(Data provided begins)
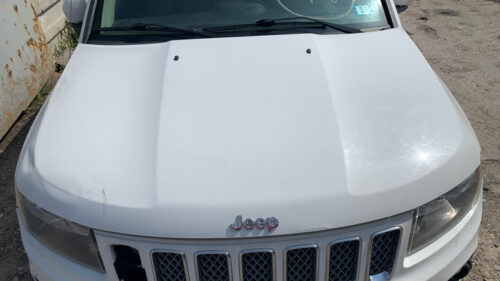 Капот Jeep Compass 2010-17 белый с дефектом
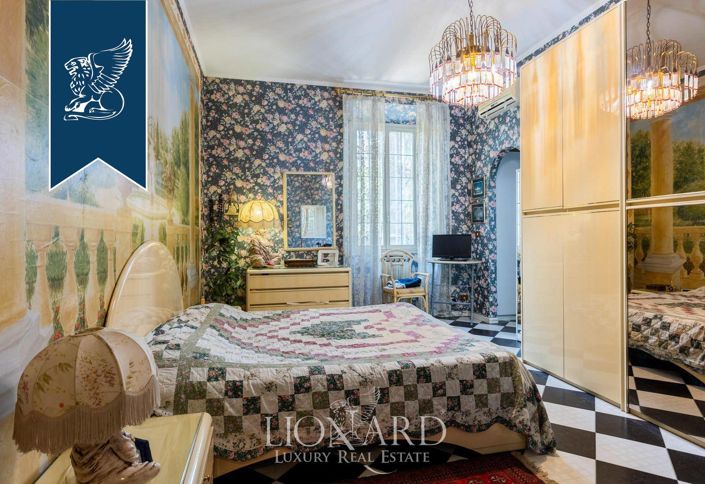 Image No.20-8 Bed Villa for sale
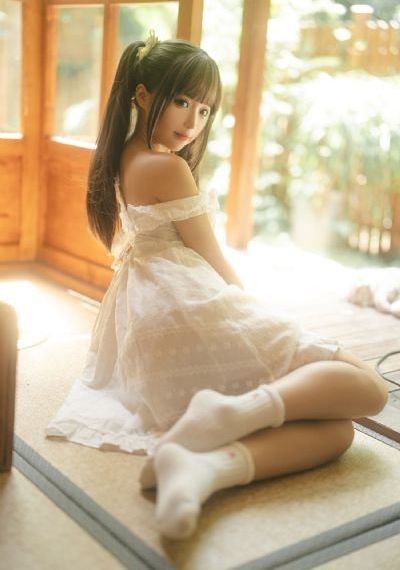 女大学生精油按摩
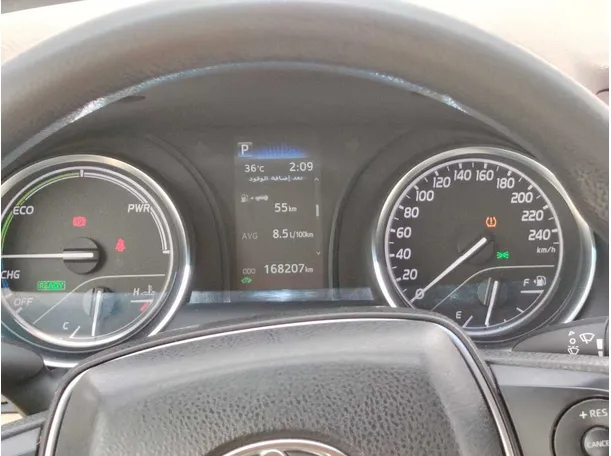Car image 24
(Data provided ends)
Reproduce the lines above exactly, please, but not the pictures in them.

> Answer to this problem
 Капот Jeep Compass 2010-17 белый с дефектом
 Image No.20-8 Bed Villa for sale
 女大学生精油按摩
Car image 24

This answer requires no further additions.